Writer’s Intro:
Robert Browning (1812-1889, Italy, Venice) was an English poet and playwright. He was known as one of the best Victorian poets because he was so good at writing dramatic monologues. My Last Duchess is one of his wonderful creations and we make a summary of it.
Theme:
My Last Duchess deals with the themes of pride and envy, wisdom and rank, and art and the truth.
My Last Duchess Summary
The Duke in “My Last Duchess” is pretty much the green-eyed monster in the flesh of the Victorian patriarchal society. He’s almost an allegorical figure for jealousy. He doesn’t like how much his wife talks to other people, even if it’s just to thank them for bringing her some cherries.
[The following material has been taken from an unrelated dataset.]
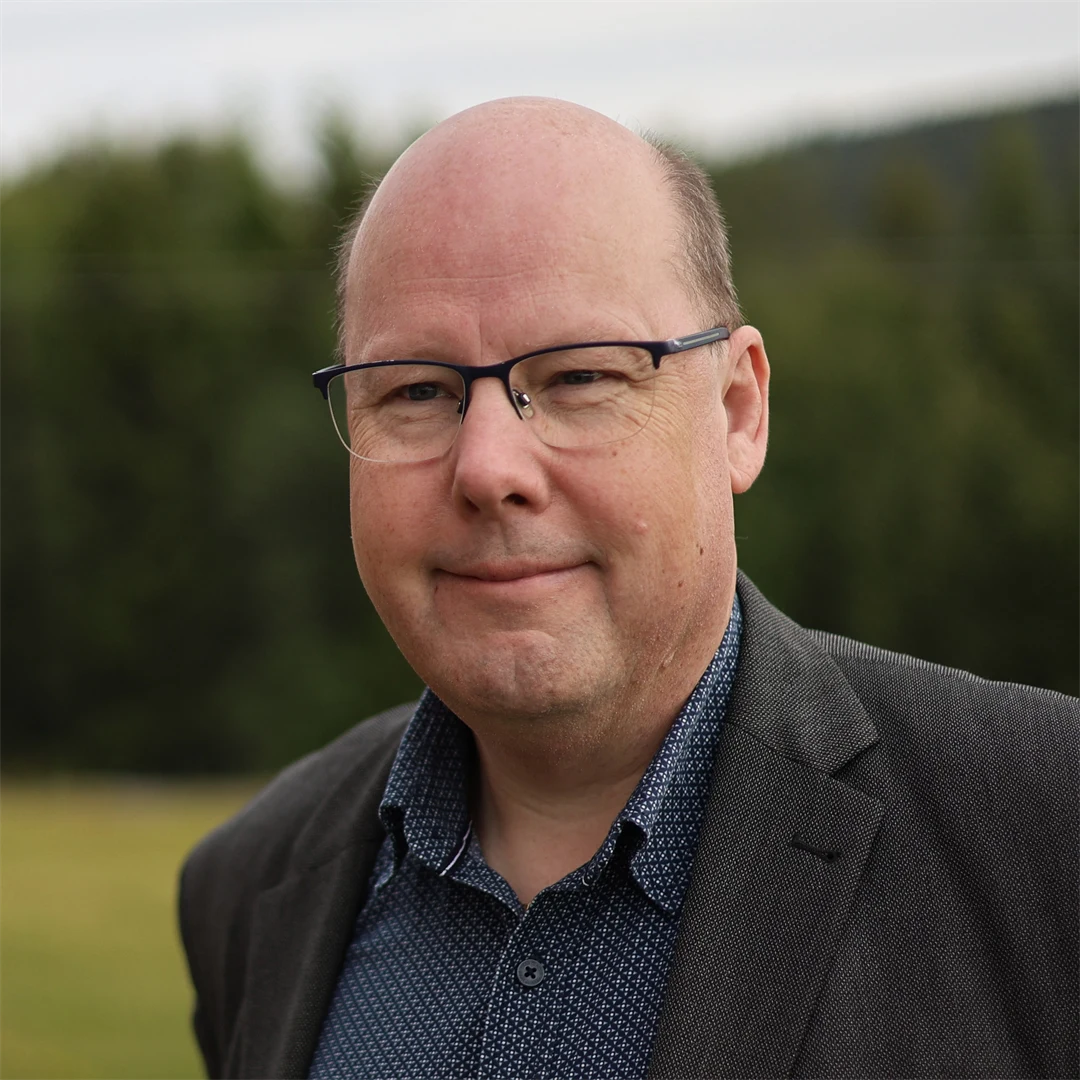 En man med glasögon, klädd i kavaj, tittar in i kameran.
He is jealous of every smile and blush she gives to someone else, whether she does it on purpose or not. He’s so jealous that he can’t even talk to her about how she’s acting. Killing her is the only thing he can think of to do. He is jealous of any kind of attention, not just romantic attention.
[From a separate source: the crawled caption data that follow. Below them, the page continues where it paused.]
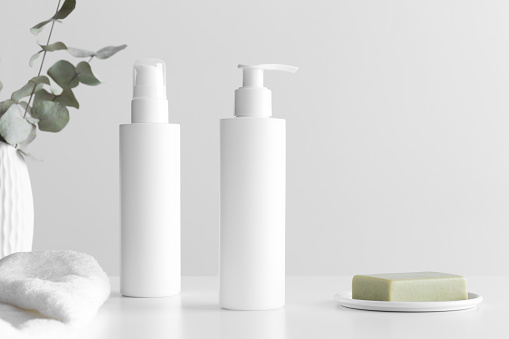 Set of white cosmetic bottles mockup with a towel, natural soap and eucalyptus branches on a white table.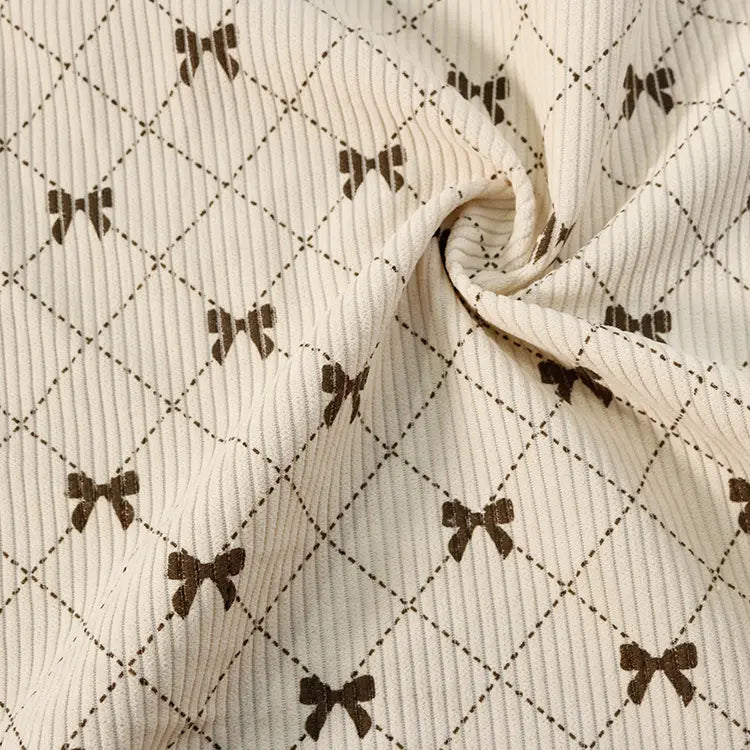 Showcasing the distinctive charm of Longan craft’s Bow Plaid Print Corduroy Fabric By The Yard, this heavyweight checked corduroy features a cream-colored ribbed texture adorned with a grid pattern and delicate brown bows at each intersection. Slightly twisted in the center, the soft and durable material beautifully highlights its rich texture and flexibility—making it an ideal choice for corduroy clothing projects.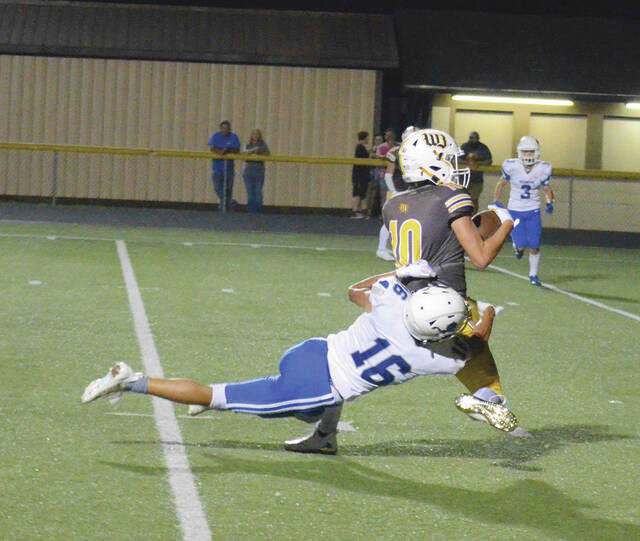 Western Browns Isaiah Smith breaks a tackle on his way to the end zone during the Broncos week two game against Washington Courthouse. Photo by Wade Linville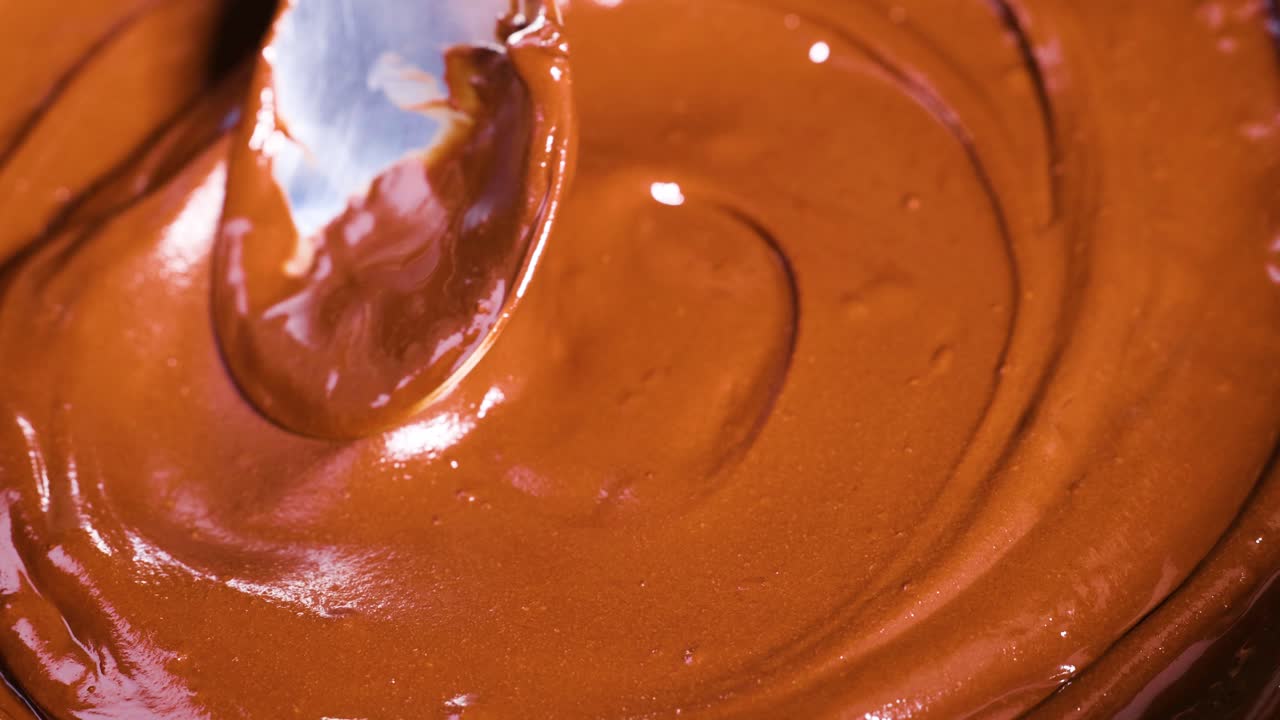 Cucchiaio che mescola cioccolato cremoso in una ciotola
The duke of Ferrara tells “My Last Duchess” to an envoy (representative) of a nobleman whose daughter he is about to marry. These details come out throughout the poem, but knowing them from the start helps show how Browning uses irony.
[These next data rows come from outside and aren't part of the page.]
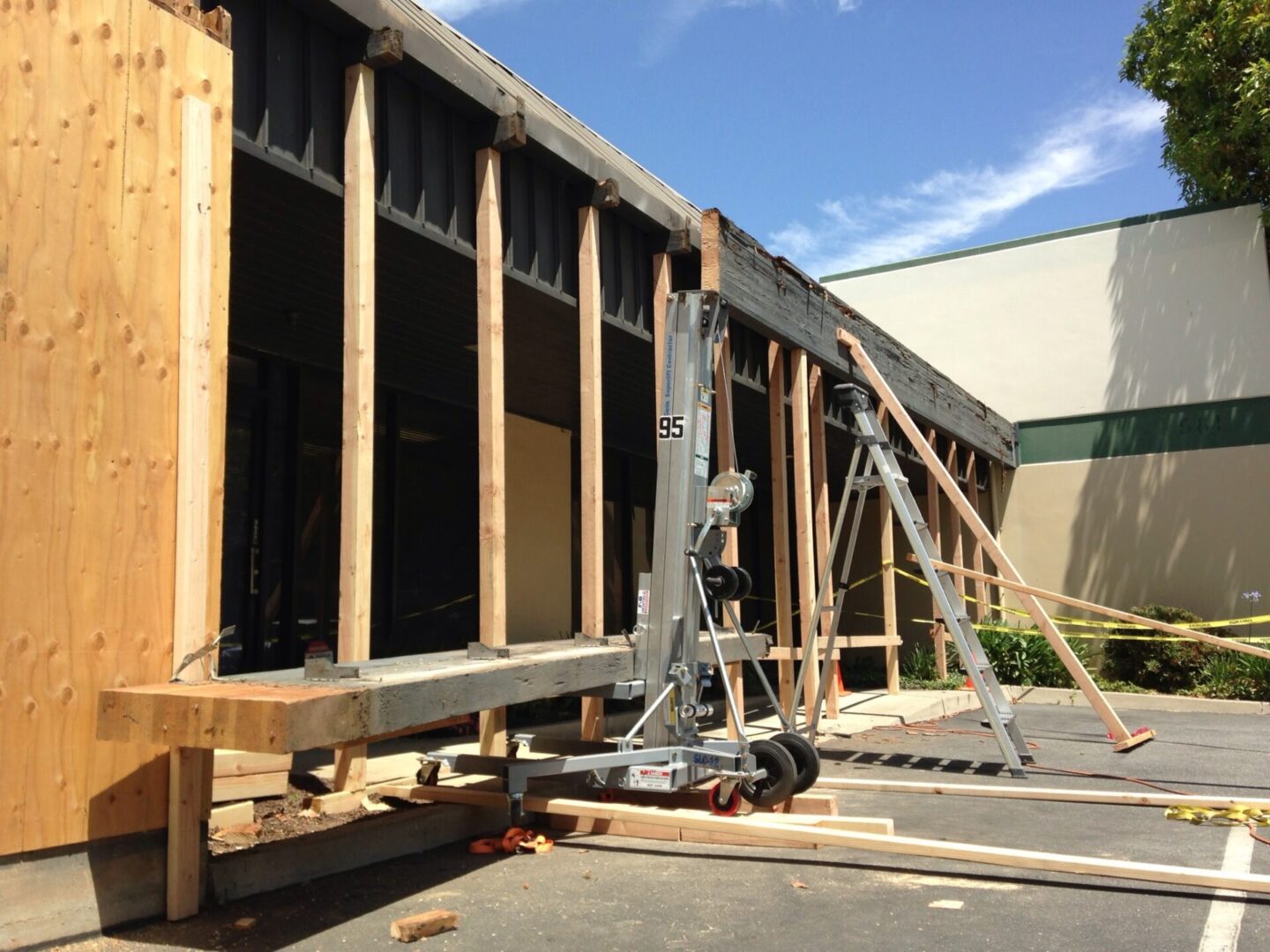 A building being built with some wood and scaffolding.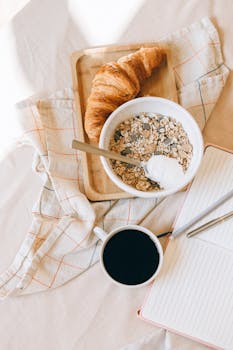 Top view of a breakfast setup with cereal, coffee, and a croissant on a tray.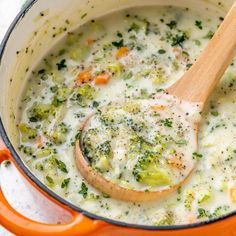 a pot filled with broccoli soup and a wooden spoon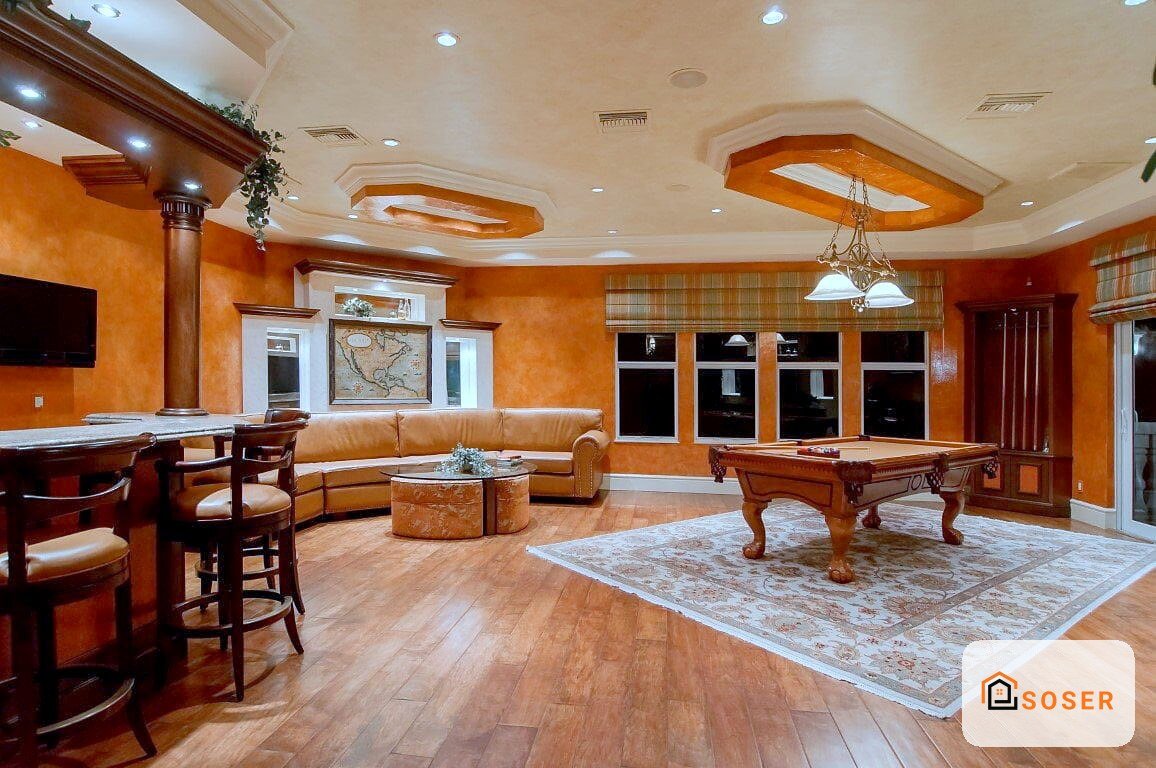 Sala giochi lussuosa con pareti arancioni, pavimenti in legno, tavolo da biliardo e arredamento in legno scuro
At the beginning of the poem, the duke has just pulled back a curtain to show the envoy a portrait of his previous duchess. Fra Pandolf, a monk and painter, made the portrait. The duke thinks that Fra Pandolf captured the unique look of the duchess in the painting. But the duke tells the envoy that his ex-wife didn’t only look at him with a deep, passionate look when she was with him. He says she was “too easily persuaded” to talk about how nice she was.
His tone gets harsher as he thinks about how she was impressed by both people and nature. This made him feel bad because she didn’t treat the “gift” of his “nine-hundred-year-old” family name and lineage as special. Instead of “teaching” her a lesson about how she shouldn’t love everything, he “ordered” that she be killed.